FIG. 4B shows an instruction executed in the word area when the instruction is moved from the system space to the user space, and FIG. 5B shows a bus cycle operation timing when the instruction is executed.

When an operation mode in which the data interface between the processor bus 10 and the microprocessor 1 is performed in word units is set,
When the MOVE instruction is executed, during this MOVE instruction execution period,
Since the last prefetch cycle indicated by 12 in FIG.
This will interfere with the detection of the predetermined number of bus cycles in 52. That is, despite the small number of prefetch cycles, smooth space control cannot be performed if the same number of bus cycles as in the case of instruction execution in the byte area is counted. For example, switching the system interface 2 to the inactive state and the user interface 8 to the active state is performed.
It is performed in the middle of the RTE instruction. In this embodiment, therefore, an instruction fetch is performed between the MOVE instruction and the RTE instruction, but a NOP (non-operation) instruction having substantially no meaning is inserted, so that a prefetch instruction 13 shown in FIG. 5B is inserted. Cycles are ensured so that the apparent number of bus cycles is equal to that of the instruction execution in the byte area. If the number of bus cycles is equal between the byte area and the word area in this manner, the space control circuit 5 does not need to provide dedicated hardware for adjusting the number of bus cycles, and can perform the conventional counting operation from the system space to the user space. Switching control can be performed. The number of NOP instructions for equalizing the apparent number of bus cycles is appropriately determined according to the format configuration of the instructions executed by the microprocessor 1 and the like.

According to the above embodiment, the following effects can be obtained.

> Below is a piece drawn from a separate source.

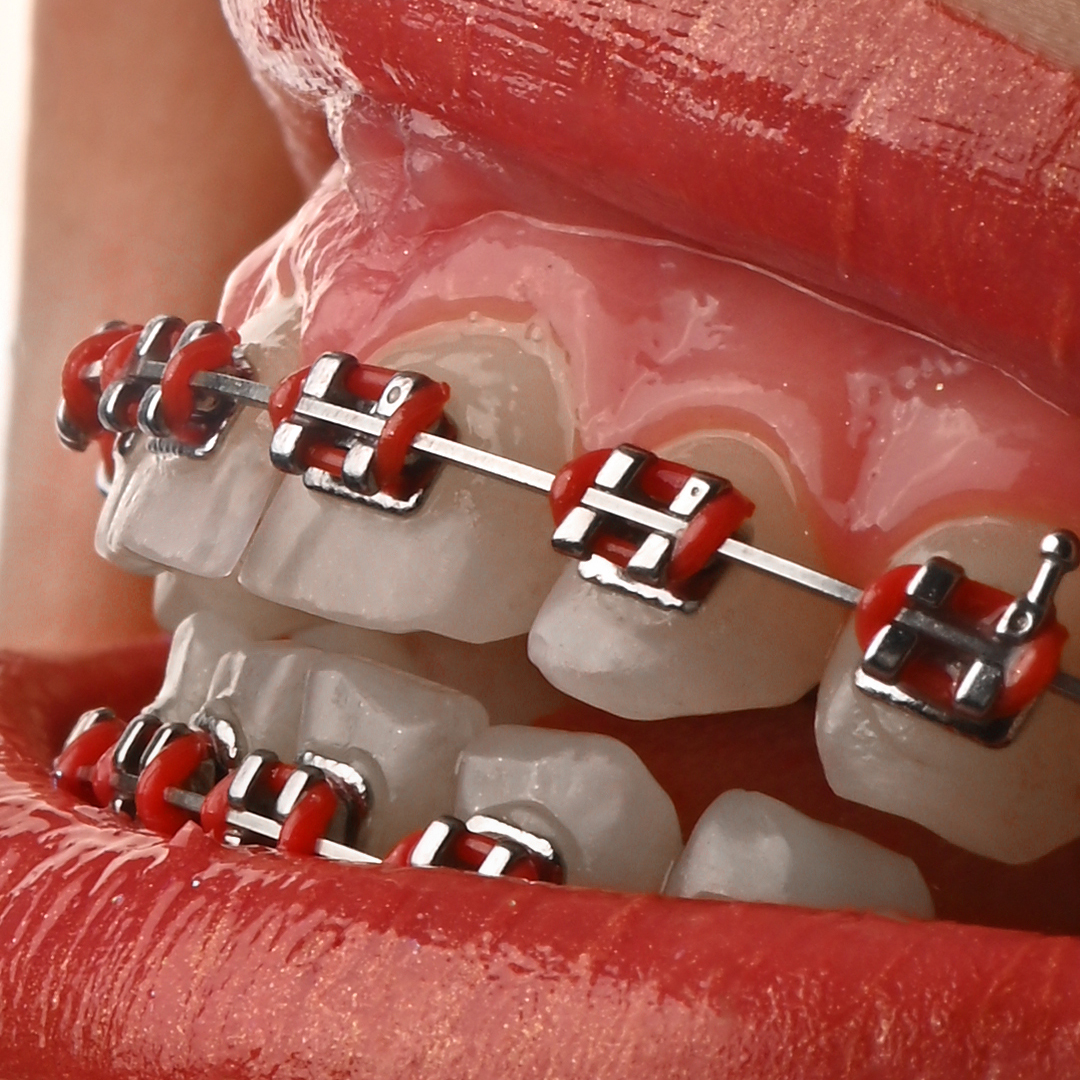 براکت فلزی American Orthodontics - 10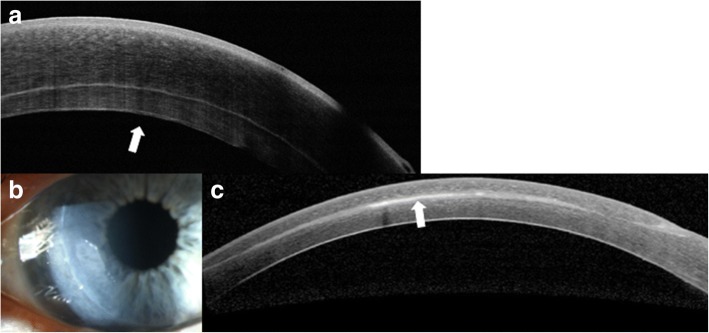 Fig. 14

(1) By including the NOP instruction in the instruction executed in the word area, it is possible to adjust the difference in the number of bus cycles between the case of executing the instruction in the byte area and the case of executing the instruction in the word area. In the circuit 5, the space switching control from the system space to the user space can be smoothly performed by the conventional bus cycle counting operation regardless of the byte area and the word area.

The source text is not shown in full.